# Mark Needham

Thoughts on Software Development

## Kaggle Digit Recognizer: A feature extraction #fail

I’ve written a few blog posts about our attempts at the Kaggle Digit Recogniser problem and one thing we haven’t yet tried is feature extraction.

Feature extraction in this context means that we’d generate some other features to train a classifier with rather than relying on just the pixel values we were provided.

Every week Jen would try and persuade me that we should try it out but it wasn’t until I was flicking through the notes from the Columbia Data Science class that it struck home:

5. The Space between the Data Set and the Algorithm

Many people go straight from a data set to applying an algorithm. But there’s a huge space in between of important stuff. It’s easy to run a piece of code that predicts or classifies. That’s not the hard part. The hard part is doing it well.

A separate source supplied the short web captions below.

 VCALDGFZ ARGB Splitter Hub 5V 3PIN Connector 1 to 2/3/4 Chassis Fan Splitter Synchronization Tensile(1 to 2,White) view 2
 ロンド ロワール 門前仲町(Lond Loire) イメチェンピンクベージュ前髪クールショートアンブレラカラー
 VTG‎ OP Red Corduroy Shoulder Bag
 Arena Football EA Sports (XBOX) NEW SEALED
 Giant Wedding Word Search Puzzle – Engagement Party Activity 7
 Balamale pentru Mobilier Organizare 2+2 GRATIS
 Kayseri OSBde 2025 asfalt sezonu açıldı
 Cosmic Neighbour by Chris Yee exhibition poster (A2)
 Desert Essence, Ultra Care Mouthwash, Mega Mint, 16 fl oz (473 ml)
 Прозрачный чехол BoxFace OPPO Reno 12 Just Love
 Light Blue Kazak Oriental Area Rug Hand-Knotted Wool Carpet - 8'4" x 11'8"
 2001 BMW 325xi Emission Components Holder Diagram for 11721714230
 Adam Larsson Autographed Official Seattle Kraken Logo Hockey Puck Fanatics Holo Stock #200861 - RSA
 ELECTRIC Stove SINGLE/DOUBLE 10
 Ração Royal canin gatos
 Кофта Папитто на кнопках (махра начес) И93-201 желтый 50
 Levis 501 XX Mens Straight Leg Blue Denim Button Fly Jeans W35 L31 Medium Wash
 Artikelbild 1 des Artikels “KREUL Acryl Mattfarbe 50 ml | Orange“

One needs to conduct exploratory data analysis as I’ve emphasized; and conduct feature selection as Will Cukierski emphasized.

I’ve highlighted the part of the post which describes exactly what we’ve been doing!

There were some examples of feature extraction on the Kaggle forums so I thought I’d try and create some other features using R.

I created features for the number of non zero pixels, the number of 255 pixels, the average number of pixels and the average of the middle pixels of a number.

```initial <- read.csv("train.csv", header = TRUE) initial\$nonZeros <- apply(initial, 1, function(entries) length(Filter(function (x) x != 0, entries))) initial\$fullHouses <- apply(initial, 1, function(entries) length(Filter(function (x) x == 255, entries))) initial\$meanPixels <- apply(initial, 1, mean) initial\$middlePixels <- apply(initial[,200:500], 1, mean)```

I then wrote those features out into a CSV file like so:

```newFeatures <- subset(initial, select=c(label, nonZeros, meanPixels, fullHouses, middlePixels)) write.table(file="feature-extraction.txt", newFeatures, row.names=FALSE, sep=",")```

I then created a 100 tree random forest using Mahout to see whether or not we could get any sort of accuracy using these features.

Unfortunately the accuracy on the cross validation set (10% of the training data) was only 24% which is pretty useless so it’s back to the drawing board!

Our next task is to try and work out whether we can derive some features which have a stronger correlation with the label values or combining the new features with the existing pixel values to see if that has any impact.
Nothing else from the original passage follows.